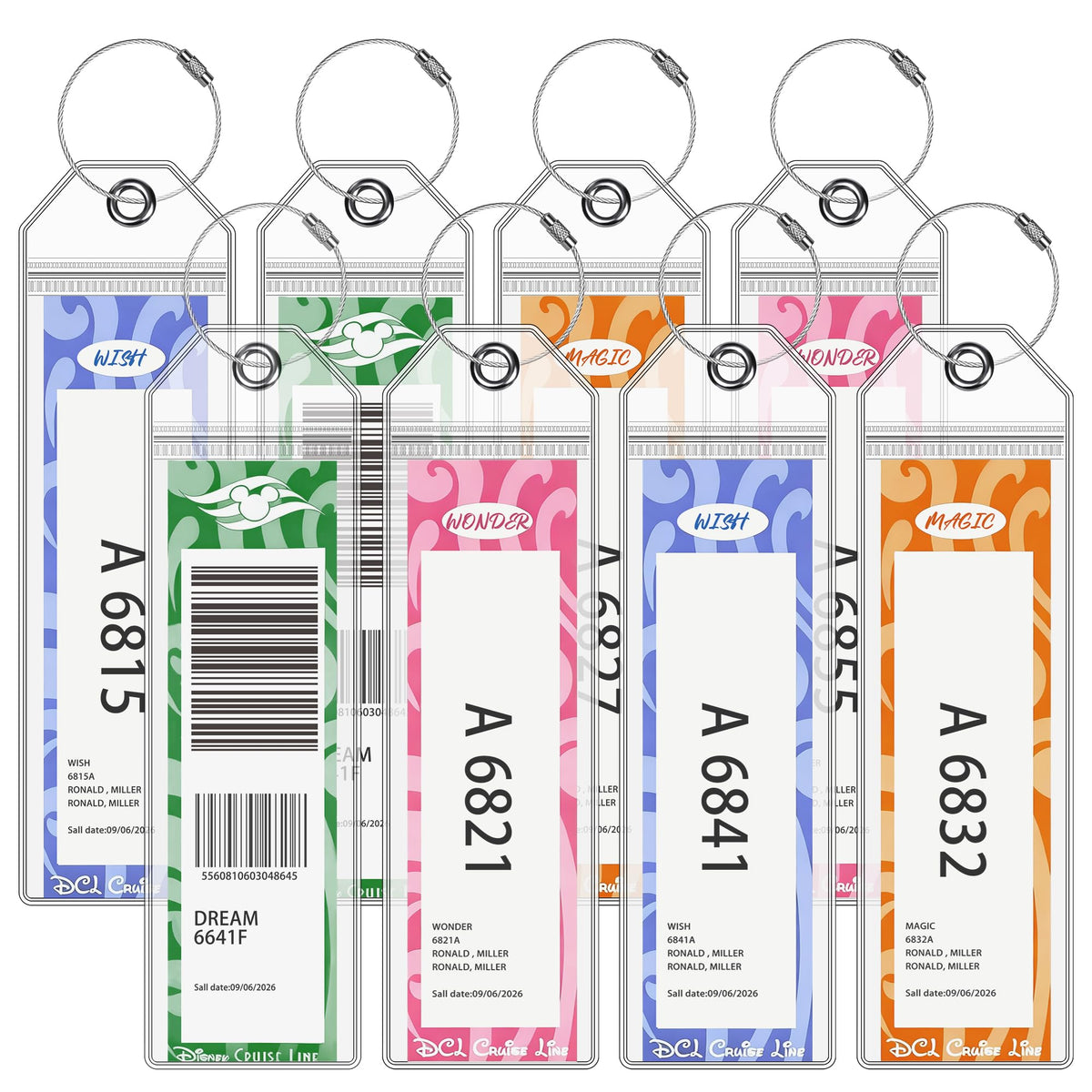 6 Pack Luggage Tags Travel Essentials & Cruise Essentials 2026-2027 for Carnival, NCL, Princess, Costa, MSC Cruise Ships by SEAVILIA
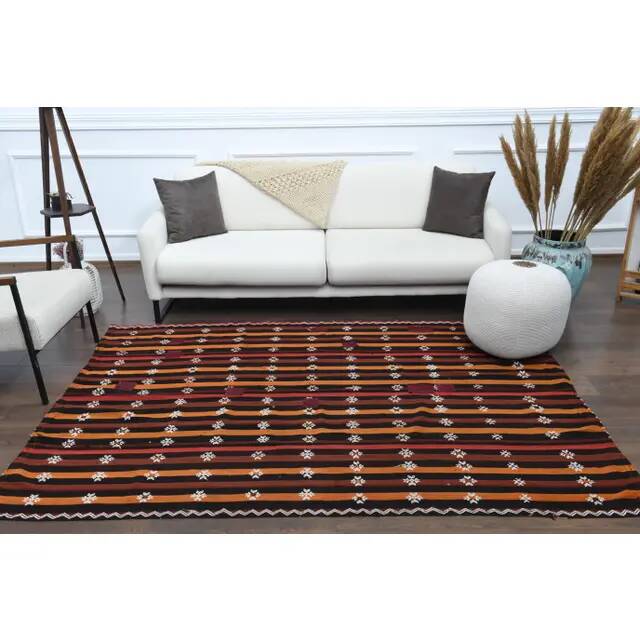 Vintage Turkish Oushak Handmade Wool & Cotton Brown Rug 169x238
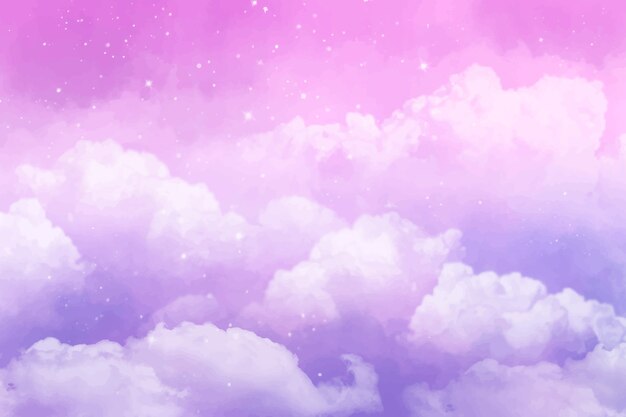 Watercolor sugar cotton clouds background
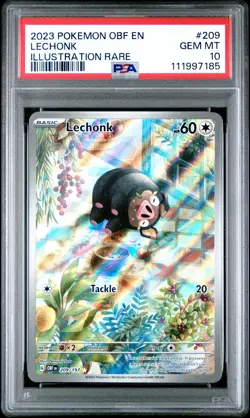 2023 POKEMON OBF EN-OBSIDIAN FLAMES ILLUSTRATION RARE #209 LECHONK PSA 10 - Image 1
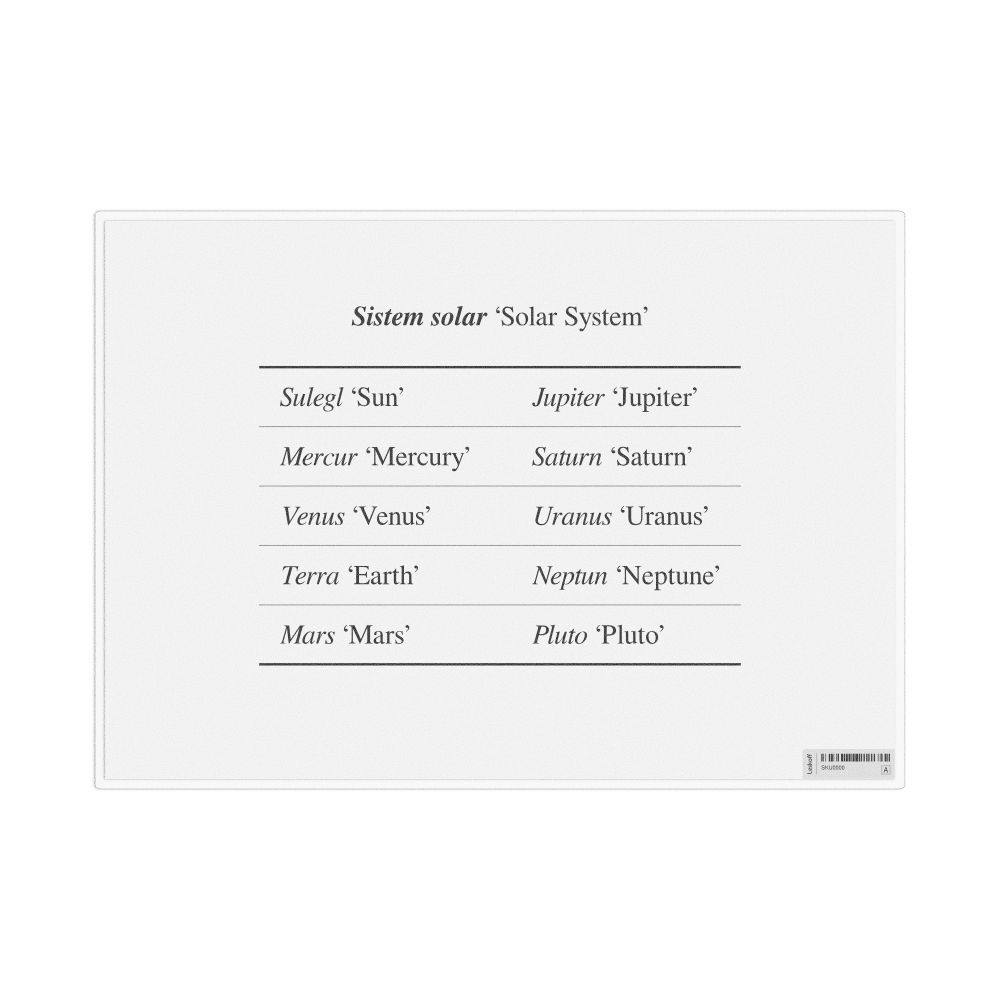 Leskoff Solar System in Romansh, Desk Chart, 11.7 x 8.3 in (29.7 x 21.0 cm), image 1 of 1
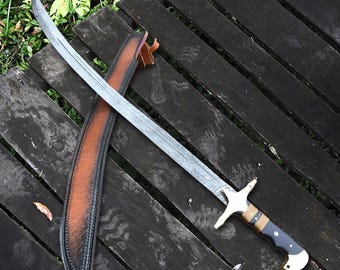 36” Handmade Ottoman Style Scimitar Sword | Damascus Steel Decorative Sword | Islamic Art Display Piece | Historical Replica Gift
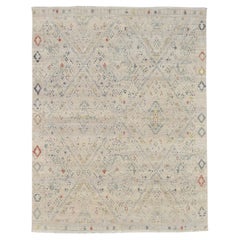 Scandinavian Modern Beige Subtle Bohemian Tribal Designed Wool Rug 8'x10'2''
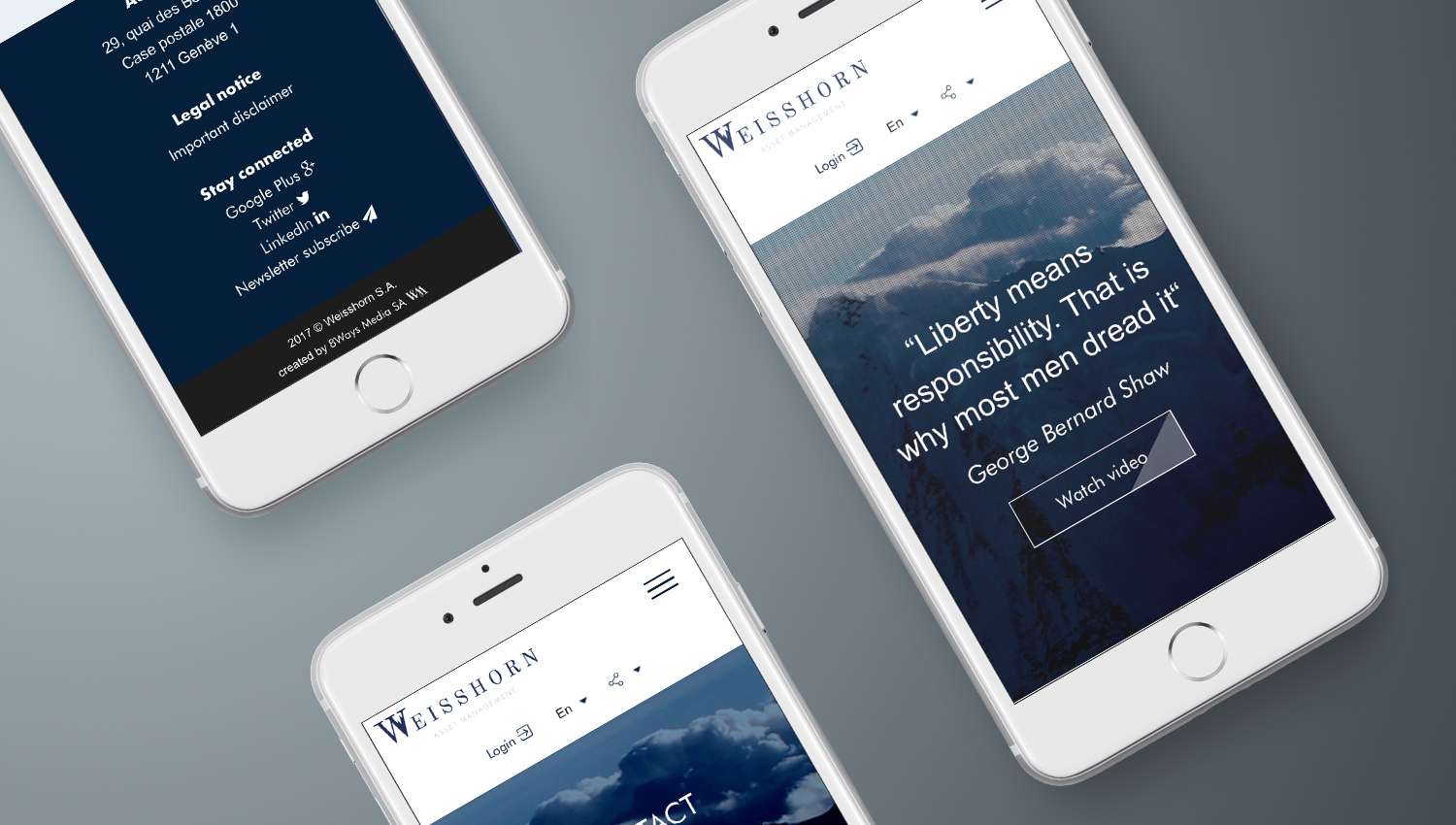 Web design mobile view for Weisshorn 3 by 8 Ways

§

*Brief:*
Please reproduce, exactly and only, the lines from the line containing "Vintage Turkish Oushak" through the last line of the material above, minus any pictures.

*Answer:*
 Vintage Turkish Oushak Handmade Wool & Cotton Brown Rug 169x238
 Watercolor sugar cotton clouds background
 2023 POKEMON OBF EN-OBSIDIAN FLAMES ILLUSTRATION RARE #209 LECHONK PSA 10 - Image 1
 Leskoff Solar System in Romansh, Desk Chart, 11.7 x 8.3 in (29.7 x 21.0 cm), image 1 of 1
 36” Handmade Ottoman Style Scimitar Sword | Damascus Steel Decorative Sword | Islamic Art Display Piece | Historical Replica Gift
 Scandinavian Modern Beige Subtle Bohemian Tribal Designed Wool Rug 8'x10'2''
 Web design mobile view for Weisshorn 3 by 8 Ways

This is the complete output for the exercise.